● **Exercise materials**

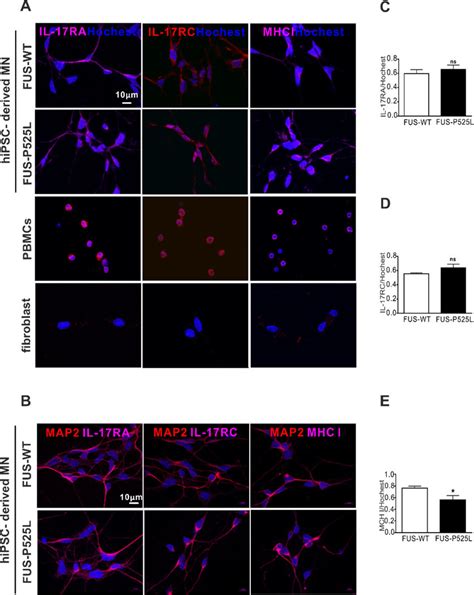 Immunostaining Of The Il 17 Receptor Il 17ra And Il 17rc And Mhci In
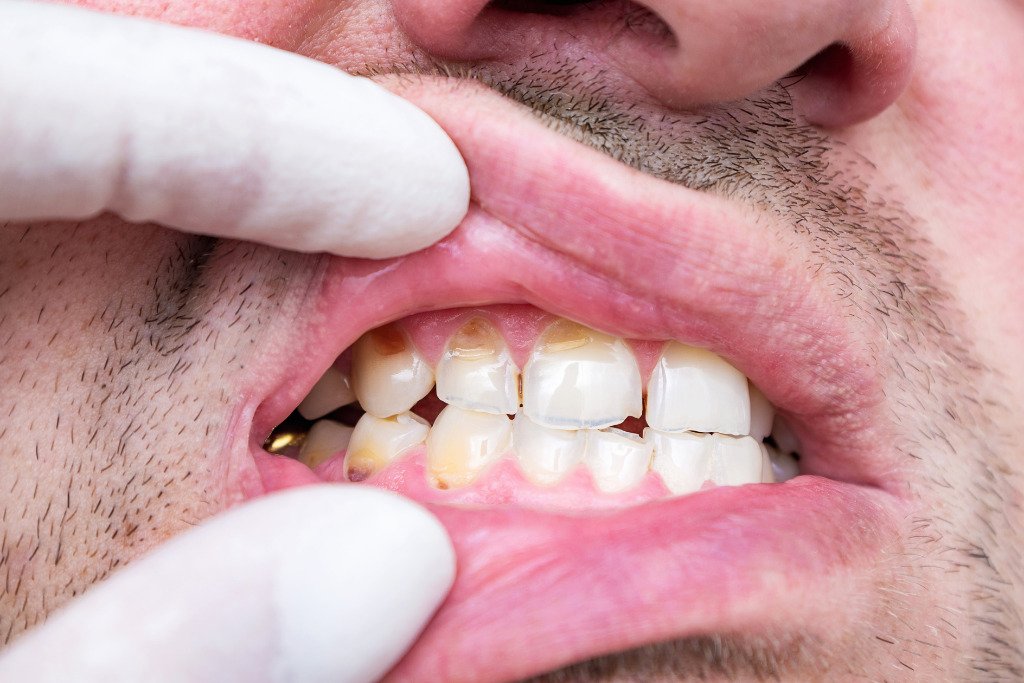 Common habits that damage dental restorations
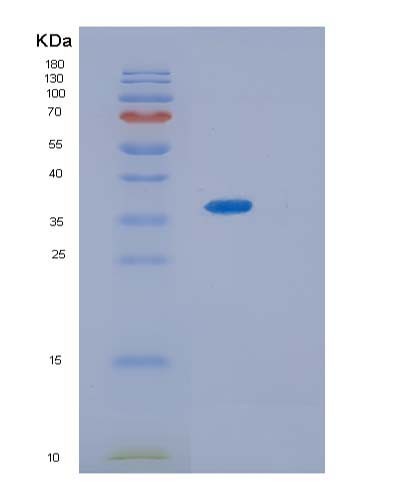 SDS-PAGE analysis of Mouse Il13ra2 (Interleukin-13 Receptor Subunit Alpha-2) - Recombinant Protein, showing >85% purity under 15% SDS-PAGE (Reduced)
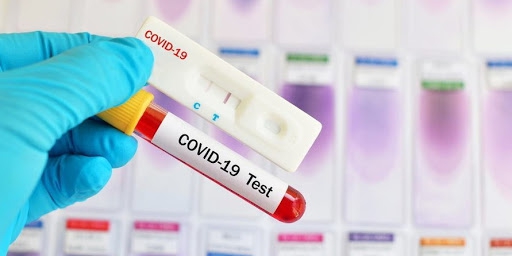 За минулу добу на Прикарпатті – 134 нові випадки коронавірусної інфекції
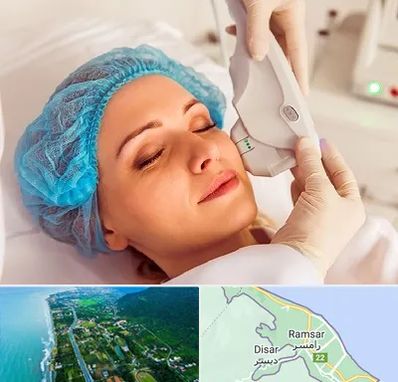 اکسنت در رامسر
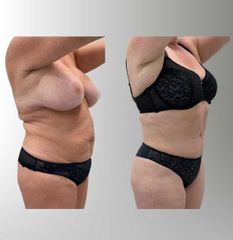 Abdominoplastia
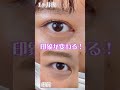 目頭切開で蒙古襞を解除！【二重整形】#shorts
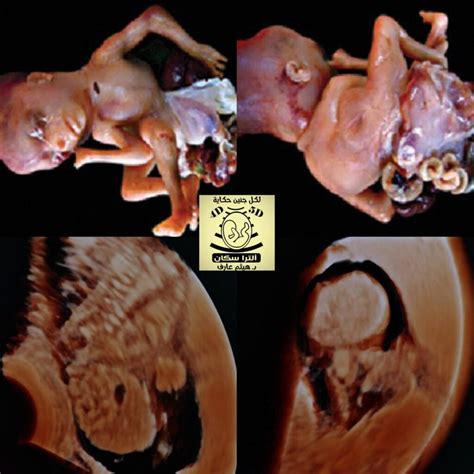 Limb Body Wall Complex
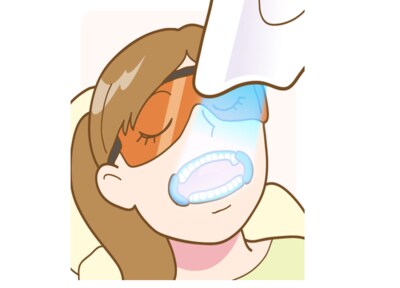 オフィスホワイトニング（※）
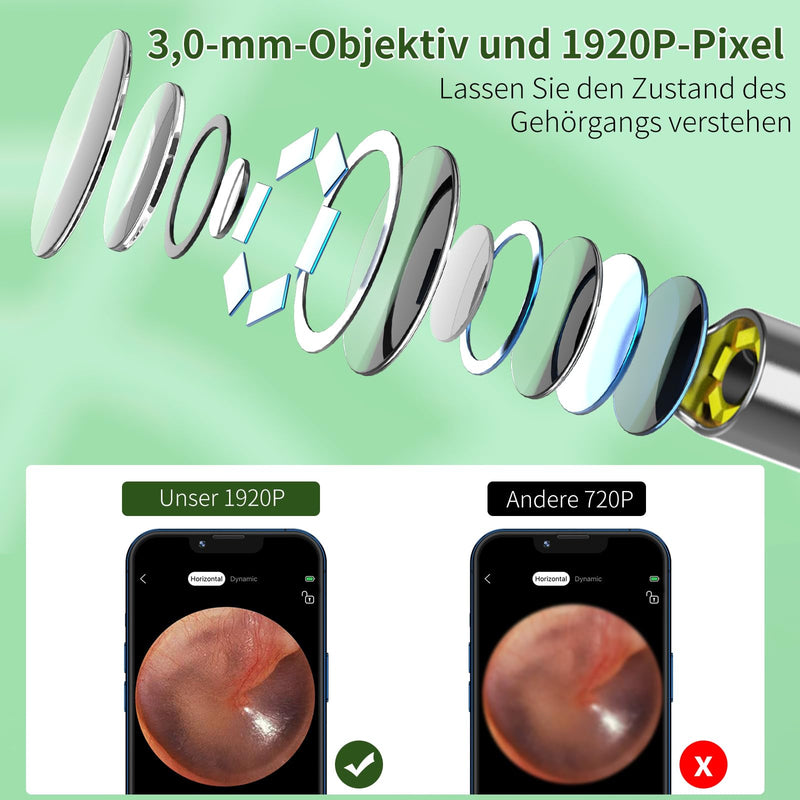 [Australia] - Earwax Remover Otoscope, VITCOCO 1920P Wifi Ear Cleaner, Ear Cleaner with Camera, Otoscope with 6 LEDs for iPhone, iPad and Android Smartphones, Black 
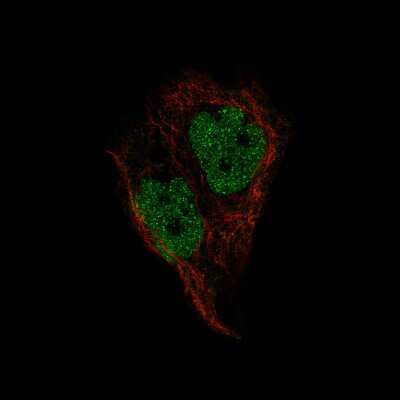 Immunocytochemistry/ Immunofluorescence: Pax2 Antibody (CL9469) [NBP2-88934]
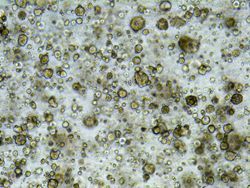 Tumor Organoids for Functional Precision Oncology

● **Directions**
Would you copy out the data exactly, leaving every picture out?

● **Response area**
 Immunostaining Of The Il 17 Receptor Il 17ra And Il 17rc And Mhci In
 Common habits that damage dental restorations
 SDS-PAGE analysis of Mouse Il13ra2 (Interleukin-13 Receptor Subunit Alpha-2) - Recombinant Protein, showing >85% purity under 15% SDS-PAGE (Reduced)
 За минулу добу на Прикарпатті – 134 нові випадки коронавірусної інфекції
 اکسنت در رامسر
 Abdominoplastia
 目頭切開で蒙古襞を解除！【二重整形】#shorts
 Limb Body Wall Complex
 オフィスホワイトニング（※）
 [Australia] - Earwax Remover Otoscope, VITCOCO 1920P Wifi Ear Cleaner, Ear Cleaner with Camera, Otoscope with 6 LEDs for iPhone, iPad and Android Smartphones, Black 
 Immunocytochemistry/ Immunofluorescence: Pax2 Antibody (CL9469) [NBP2-88934]
 Tumor Organoids for Functional Precision Oncology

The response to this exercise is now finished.